- **PROBLEM TO WORK ON**
Copy only what lies from the line containing "Modern apartment layout" through the line containing "JESSICA MCCLINTOCK Evening" in the entries below, keeping both end lines exact and dropping every picture.

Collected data
■ ■ ■ ■ ■ ■ ■
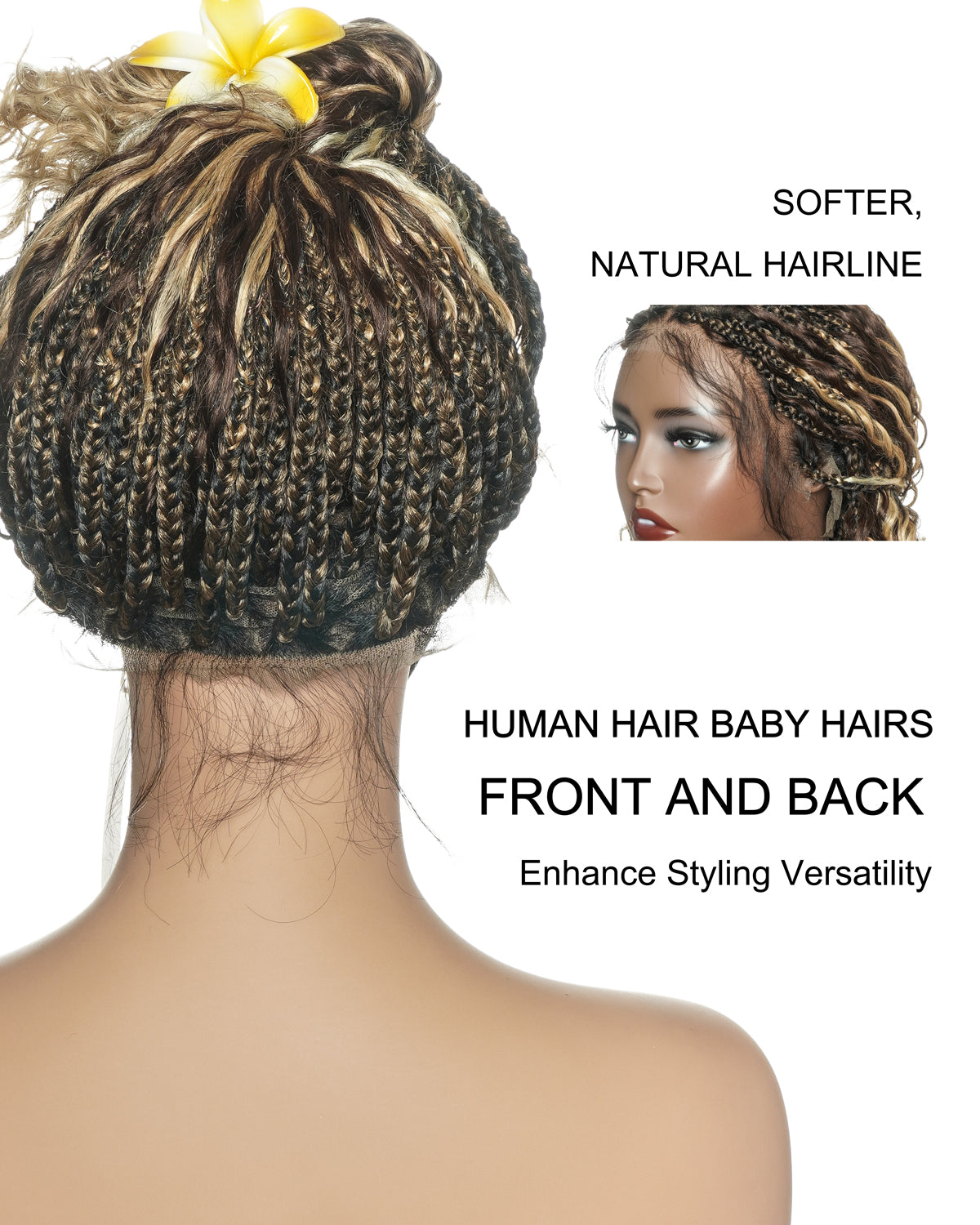 Solana - Human Hair Pre Bleached Lace Swiss HD Full Lace Blend Color 1B 4 30 27 613 Human Hair Boho Style Boho Box Braided Wig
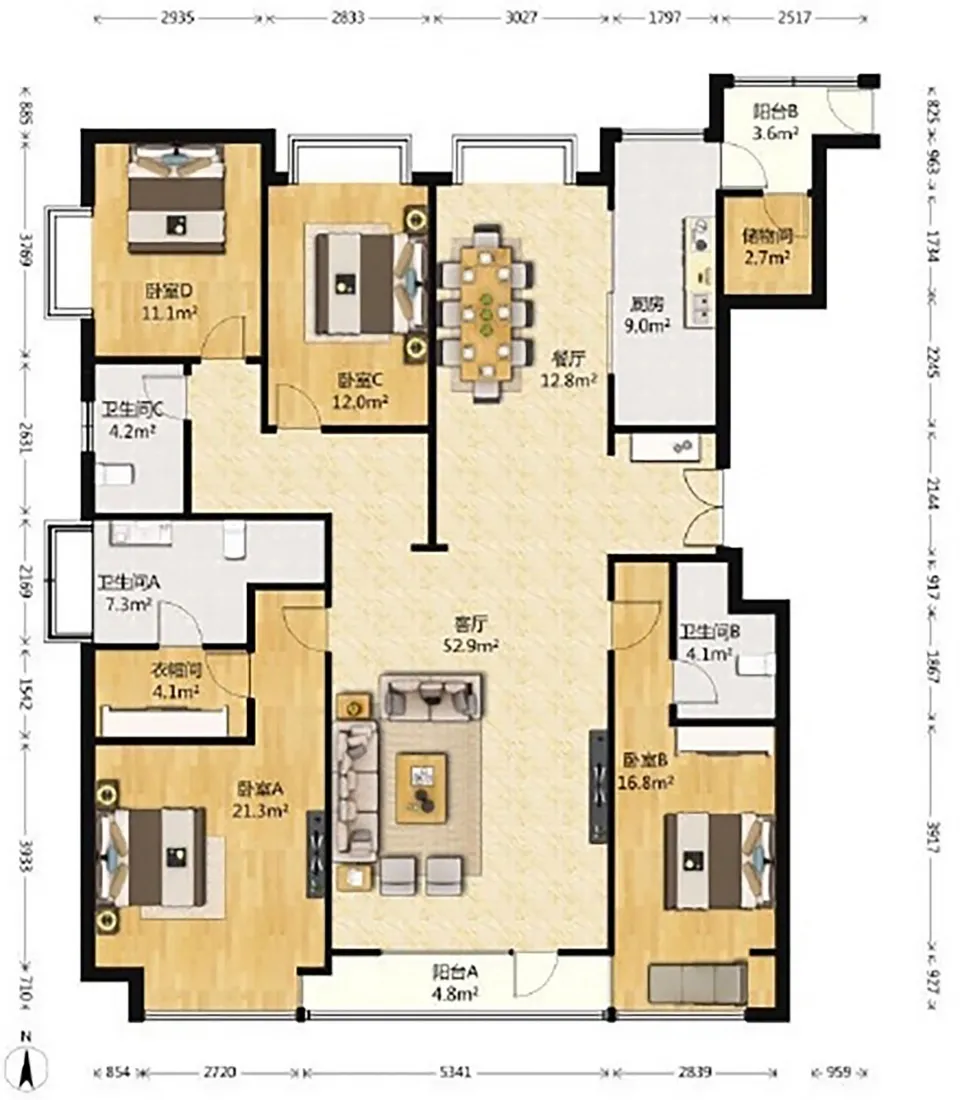 Modern apartment layout featuring wood flooring and multiple bedrooms, bathrooms, and living spaces.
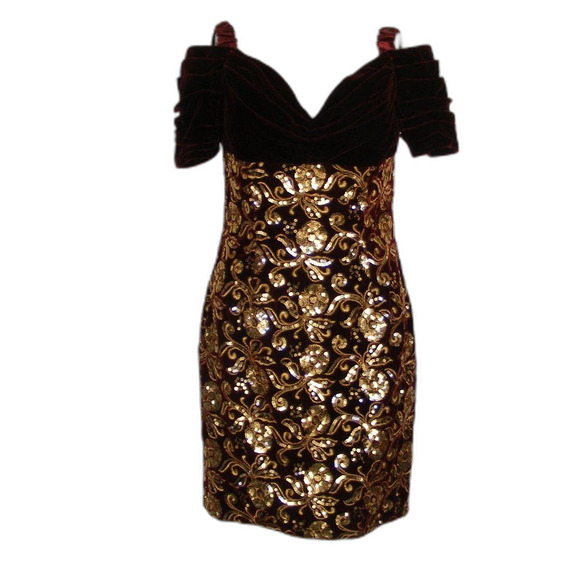 JESSICA MCCLINTOCK Evening Dress, S, Red Velvet, Golden Sequins, Off-shoulder - Picture 10 of 14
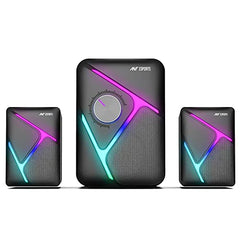 Ant Esports GS170 Gaming Speaker for PC, Stereo 2.0 USB Powered Desktop Speaker with 3.5 mm Aux-in, in-line Volume Control, RGB LED Lights Mini Multimedia Speakers for PC, Laptop, Tablet, Cellphone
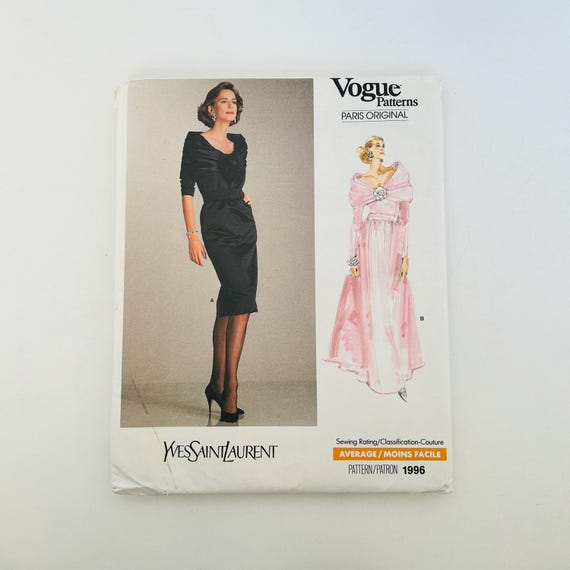 Vintage Vogue 1996 Yves Saint Laurent Sewing Pattern UNCUT Evening Dress in  2 Lengths Size 12 for 34" Bust 1987 - Etsy Israel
■ ■ ■ ■ ■ ■ ■
- **SOLVED PROBLEM**
 Modern apartment layout featuring wood flooring and multiple bedrooms, bathrooms, and living spaces.
 JESSICA MCCLINTOCK Evening Dress, S, Red Velvet, Golden Sequins, Off-shoulder - Picture 10 of 14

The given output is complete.